Türkiye'de doğdu ancak Avustralya'da bir yaşam kurdu. 10 yaşından 22 yaşına kadar içinde Türkiye ve Türklerden kaynaklanan bir öfke yattığını fark etti. Altı ayda İngilizce konuşmayı öğrendi. Okul müdürü, adını “Jim” olarak değiştirdi. Kendi ifadesiyle bu yıllarda Rum olmaktan vazgeçmişti. İçinde bulunduğu durumu, daha sonra şu sözler ile ifade etti:
“Bu, Türkiye’de yaşamaktan daha kötüydü aslında. Türkiye’de bizi dışladıysalar da en azından isimlerimizi kullanabiliyorduk. Yeni ülkeyse kimliklerimizi çalmıştı. Daima bir ayağım Avustralya’da, diğeriyse neresi olduğunu bilmediğim başka bir yerdeydi.”

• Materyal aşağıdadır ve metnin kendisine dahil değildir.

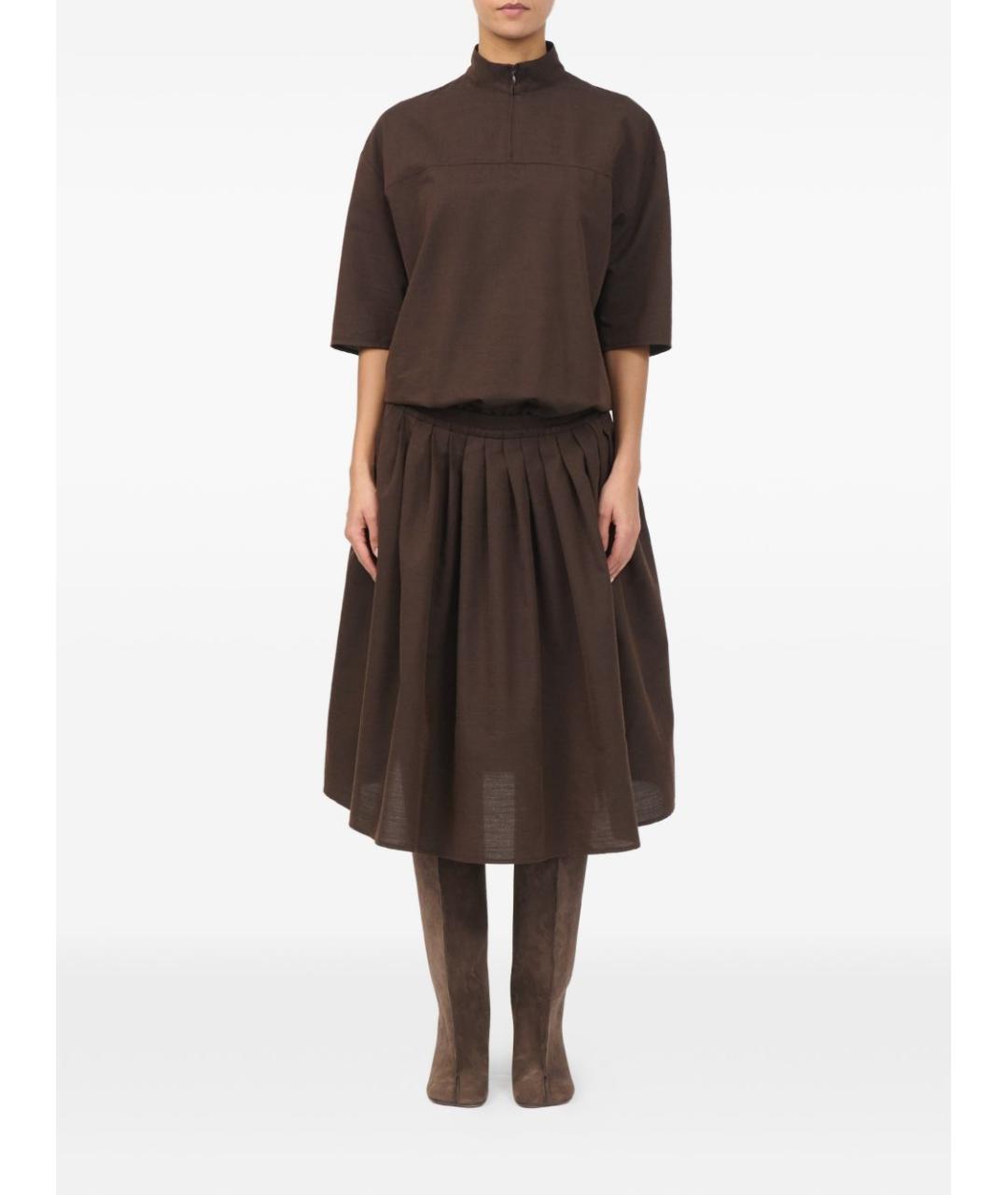 MM6 MAISON MARGIELA Коричневое платье, фото 7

13-14 yaşlarında iken bir gün babası ile hastaneye gitti. Orada, gece vakti, iki küçük erkek çocuğu olan bir Türk aile ile karşılaştı. O dönemde hem Yunancayı hem İngilizceyi hem de Türkçeyi iyi konuşmaktaydı. Babası İngilizce bilmediği için kendisinden bu aileye yardım etmesini istedi. O ise: “Bu insanlar bizi evlerimizi terk etmeye zorladı. Bırakalım acı çeksinler.” diye düşündü. İlerleyen yaşlarında bu hikâye, geriye dönüp değiştirmek ve o aileye yardım etmek isteyeceği bir anıya dönüştü.
1999 yılında Türkiye'ye dönmeye karar verdi. Adaya ilk ziyaretinden sonra ise ilk kitabı “Anayurt”u yazmaya niyetlendi. Anayurt'un doğuş hikâyesini şu şekilde anlattı:
“Adada 30 civarında yaşlı Rum kalmıştı. Onlar da öldüklerinde, bir zamanlar burada olduğumuza dair hiç iz kalmayacaktı. Avustralya’da bir gazeteye makale yazdım. Bir yayıncı arayıp makalenin içinde bir roman olduğuna inandığını söyledi. ‘Anayurt’ böyle doğmuş oldu.”
Anayurt, 70’li yılların başına kadar Bozcaada’da (Tenedos) yaşayan ve daha sonrasında göç etmek zorunda kalan bir Rum ailesinin yerinden yurdundan kopuşunun belki de aslında kopamayışının hikâyesidir. Dimitri, burada kendi çocukluğunun hikâyesini anlatmaktadır.